▶ [WHAT IS NEEDED] Take the line that has "Loja Comercial Av" in it and every line after it to the end of the entries, and reproduce them exactly.

[Opening DATA FOR PROCESSING section]

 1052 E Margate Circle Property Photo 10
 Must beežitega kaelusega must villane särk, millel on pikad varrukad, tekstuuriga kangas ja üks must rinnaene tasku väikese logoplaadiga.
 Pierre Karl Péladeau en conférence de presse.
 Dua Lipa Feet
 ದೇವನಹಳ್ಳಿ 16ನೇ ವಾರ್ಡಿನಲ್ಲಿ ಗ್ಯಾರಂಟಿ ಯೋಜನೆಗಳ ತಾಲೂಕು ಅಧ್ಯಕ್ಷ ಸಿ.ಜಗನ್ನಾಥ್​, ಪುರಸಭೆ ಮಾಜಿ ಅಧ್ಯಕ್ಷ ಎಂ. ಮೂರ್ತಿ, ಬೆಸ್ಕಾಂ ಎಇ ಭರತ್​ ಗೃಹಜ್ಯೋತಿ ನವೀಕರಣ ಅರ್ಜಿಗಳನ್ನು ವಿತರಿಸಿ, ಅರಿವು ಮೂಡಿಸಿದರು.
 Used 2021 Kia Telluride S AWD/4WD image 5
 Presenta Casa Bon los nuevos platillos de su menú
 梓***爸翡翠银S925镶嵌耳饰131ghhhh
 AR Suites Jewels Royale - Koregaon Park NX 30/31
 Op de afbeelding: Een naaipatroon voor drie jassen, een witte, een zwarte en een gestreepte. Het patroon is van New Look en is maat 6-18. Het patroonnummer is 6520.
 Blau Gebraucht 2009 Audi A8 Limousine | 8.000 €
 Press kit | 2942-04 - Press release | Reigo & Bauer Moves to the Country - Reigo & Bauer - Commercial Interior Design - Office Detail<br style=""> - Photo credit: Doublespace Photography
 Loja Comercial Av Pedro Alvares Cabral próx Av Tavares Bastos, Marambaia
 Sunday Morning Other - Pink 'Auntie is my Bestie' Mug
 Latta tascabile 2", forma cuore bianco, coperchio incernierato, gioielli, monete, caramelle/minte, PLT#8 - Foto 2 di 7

[Closing DATA FOR PROCESSING section]

▶ [SOLUTION FOR THIS PROBLEM]
 Loja Comercial Av Pedro Alvares Cabral próx Av Tavares Bastos, Marambaia
 Sunday Morning Other - Pink 'Auntie is my Bestie' Mug
 Latta tascabile 2", forma cuore bianco, coperchio incernierato, gioielli, monete, caramelle/minte, PLT#8 - Foto 2 di 7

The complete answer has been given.